Data below.
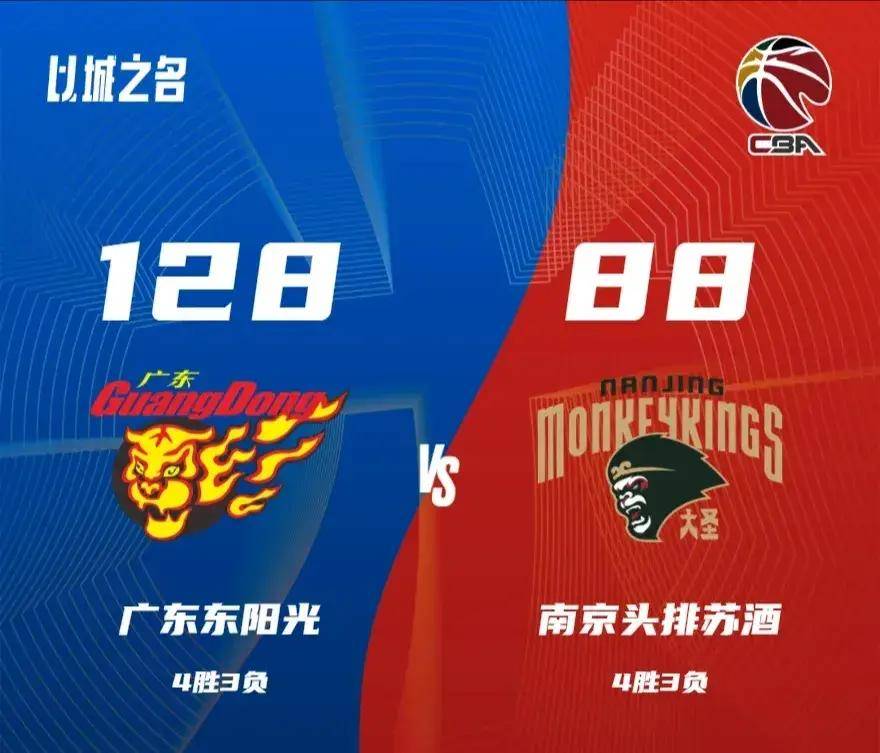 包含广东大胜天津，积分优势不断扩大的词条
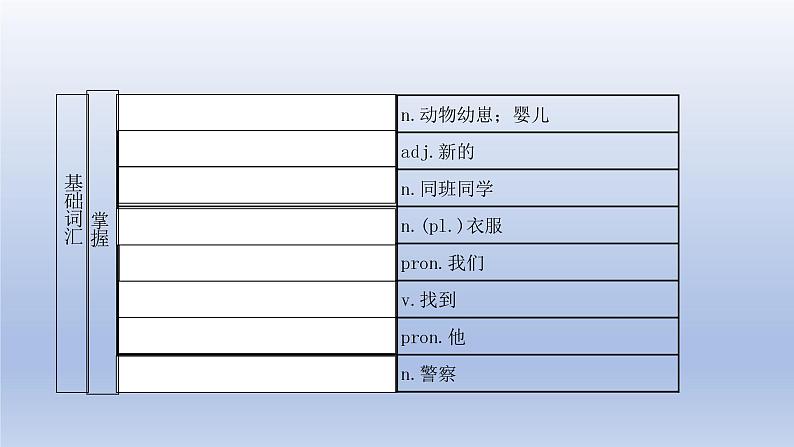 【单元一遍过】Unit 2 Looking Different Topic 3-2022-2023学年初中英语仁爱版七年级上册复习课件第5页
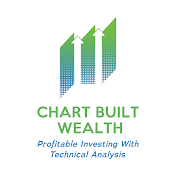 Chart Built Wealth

What is being asked. Return the complete data unchanged and include none of the pictures.

Expected answer.
 包含广东大胜天津，积分优势不断扩大的词条
 【单元一遍过】Unit 2 Looking Different Topic 3-2022-2023学年初中英语仁爱版七年级上册复习课件第5页
 Chart Built Wealth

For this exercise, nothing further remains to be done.